Ainda de acordo com a pesquisadora, o intuito desse estudo não foi interpretar o sujeito lírico como uma voz fidedigna do empírico, porém fez-se necessário produzir assimilações entre o poeta e sua composição, relacionando-a com sua biografia, mas sob a perspectiva de uma composição de transformação.
Já a dissertação de Ana Luiza propõe uma reflexão sobre a preservação da memória por meio do léxico, ao analisar expressões populares coletadas junto a guias turísticos de Ouro Preto. No trabalho, foram identificados 17 fraseologismos (nome técnico dado aos ditados populares), muitos deles associados a episódios históricos da cidade, como o famoso "conto do vigário", cuja origem estaria ligada à rivalidade entre as paróquias do Pilar e da Conceição.
A ideia da pesquisa nasceu a partir de uma experiência pessoal da orientadora, que, ao ouvir um guia turístico narrar ditados locais, sugeriu o tema à aluna. Soelis explica que, por já ser de Ouro Preto, a orientanda abraçou imediatamente a proposta e construiu a dissertação a partir dessa relação viva com a cidade e com a linguagem de seu povo.
Para Ana Luiza, o reconhecimento ultrapassa o âmbito individual. "A menção honrosa vai para o povo ouro-pretano, não só para mim.
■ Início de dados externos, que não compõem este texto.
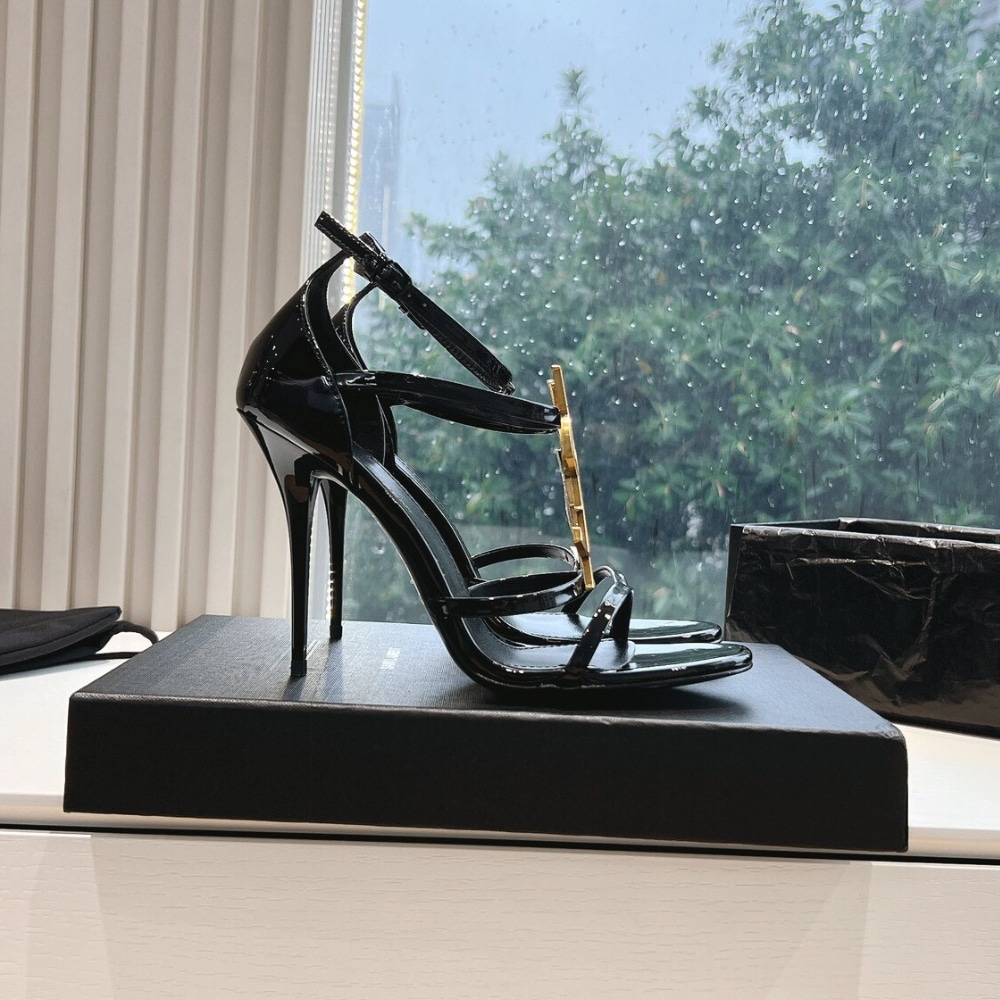 Saint Laurent Cassandra Sandals Patent Leather Black 6301091TVKK1000 - Image 4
Eu me considero apenas uma mediadora. O que eu pude escrever e publicar foi sobre a riqueza que já existe aqui. Esse reconhecimento é uma forma de sustentar a ideia de que a nossa linguagem tem muita relevância cultural e identitária e merece mais estudos", enfatiza.
Além de valorizar a oralidade dos guias de turismo, profissão marcada pela transmissão de saberes entre gerações, Ana Luiza ressalta também a importância de considerar a língua como patrimônio imaterial da cidade. Na visão da autora, "Ouro Preto é reconhecida mundialmente por seu patrimônio material, mas também precisa ser reconhecida pelo povo que aqui mora e pelas histórias que circulam em sua linguagem".